Web3 can potentially change this model, as most of the user activity data is public. However, current platforms still follow the Web 2.0 paradigm. Brevis revolutionizes this by allowing advertising channels to generate trust–free revenue proofs for acquired users. This will lead to a fundamental shift in Web 3.0 user acquisition, where advertisers pay only for high-value users, and advertising channels are incentivized to optimally match users with advertisers.
zkDID
Brevis is an essential tool for constructing trust-free zkDID solutions, helping prevent Sybil Attacks and facilitating user life cycle management in various use cases. By generating ZK proofs based on hard-to-fake on-chain behaviors, Brevis enables dApp developers to operate in a fully trust-free manner while preventing Sybil Attacks in campaigns or rollouts.
By leveraging query results and data of aggregated user behaviors, a trust-free user life cycle management process can be built, allowing for loyalty systems, VIP trader programs, and LiveOps campaigns in blockchain gaming.

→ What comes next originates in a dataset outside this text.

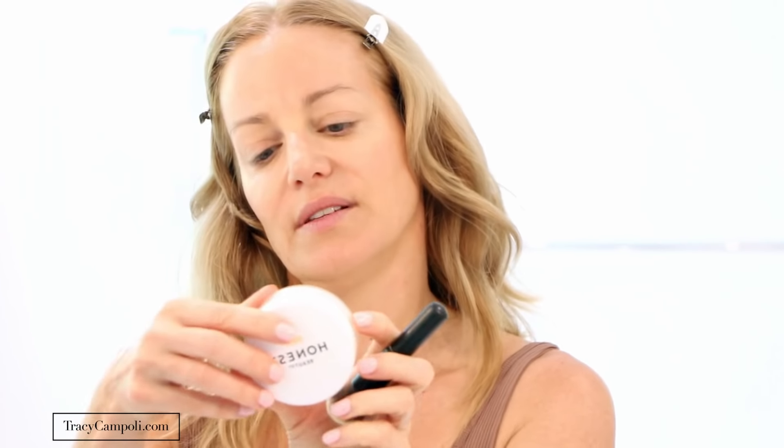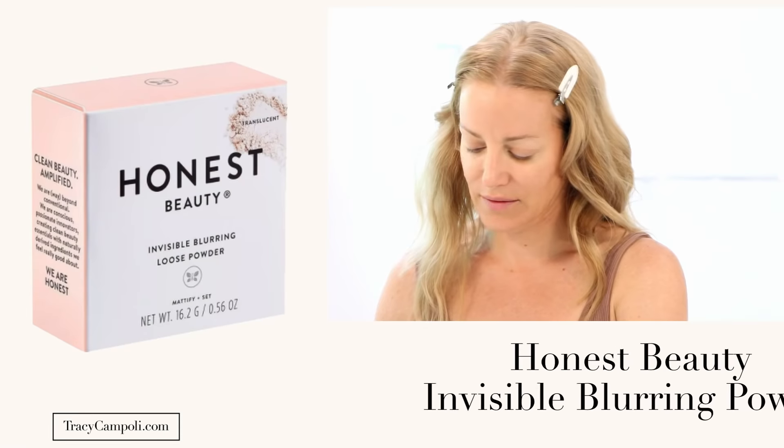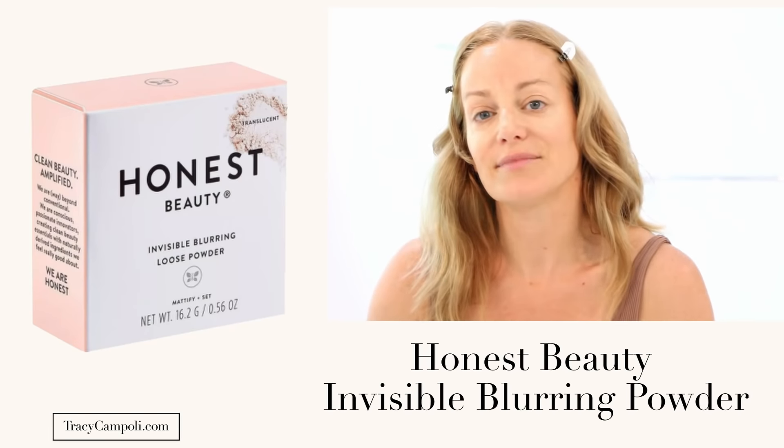This is my Honest Beauty Invisible Blurring Powder — it smells like cake but does the trick. For me, powder only goes where I put concealer: around my nose, under my eyes, the middle of my face where I get a little shiny, and around my chin. Using the Glow Screen, I'll also do a tiny little dust underneath my eyes at the very end. Never put a ton of powder under your eyes — that's the recipe for looking old. Then I just tap my face with clean hands to make sure everything is blended.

Brevis offers several advantages over in-app accounting, such as lower costs, future-proofing, and portability. zkDIDs generated via Brevis are stored in zkAggregatorRollup, making them accessible to different applications.
Account Abstraction
Brevis offers a compelling use case in Account Abstraction (AA) by improving security and usability in blockchain applications. One key benefit is social recovery, which helps regain wallet access even when the main controlling key is lost. Brevis enables smart wallets to implement social recovery based on recent transaction connections rather than a fixed set of external wallets. This approach reduces maintenance overhead and lowers the entry barrier for new users in the blockchain ecosystem.
Brevis also has potential applications in many other areas such as social and NFT gaming. We encourage developers to explore and discover more exciting use cases for Brevis.